You are viewing a plain text version of this content. The canonical link for it is here.
Posted to solr-user@lucene.apache.org by kshitij tyagi <ks...@gmail.com> on 2018/01/08 11:05:50 UTC

In-place update vs Atomic updates

Hi,

What are the major differences between atomic and in-place updates, I have
gone through the documentation but it does not give detail internal
information.

1. Does doing in-place update prevents solr cache burst or not, what are
the benefits of using in-place updates?

I want to update one of the fields of the documnet but I do not want to
burst my cache.

What is the best approach to achieve the same.

Thanks,
Kshitij

Re: In-place update vs Atomic updates

Posted by Shawn Heisey <ap...@elyograg.org>.
On 1/8/2018 10:17 PM, kshitij tyagi wrote:
> 1. Does in place updates opens a new searcher by itself or not?
> 2. As the entire segment is rewriten, it means that frequent in place
> updates are expensive as each in place update will rewrite the entire
> segment again? Correct me here if my understanding is not correct.

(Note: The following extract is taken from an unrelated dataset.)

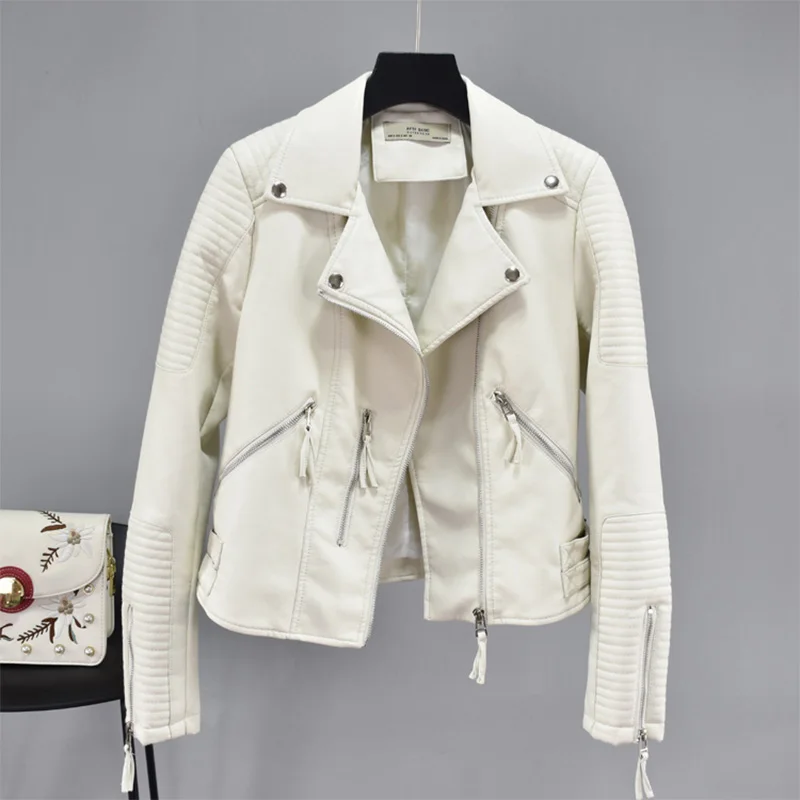 Fitaylor Женская Осенняя куртка из искусственной кожи с отложным воротником и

Opening a new searcher is not related to the update.  It's something 
that happens at commit time, if the commit has openSearcher=true (which 
is the default setting).

In-place updates don't rewrite the entire segment, they only rewrite 
part of the docValues information for the segment -- only the portion 
for the fields that got updated.  The information is written into a new 
file, and the original file is untouched.

If there are multiple fields with docValues and not all of them are 
updated, then it would not be possible to delete the old file until the 
segment gets merged.  I am not sure about what happens if *every* field 
with docValues is eligible for in-place updates and all of them get 
updated.  If that were the case, then it would be possible to have an 
optimization that removes the old docValues file, but I have no idea 
whether Lucene actually has that as an optimization.  I would not expect 
most indexes to be eligible for the optimization even if Lucene can do it.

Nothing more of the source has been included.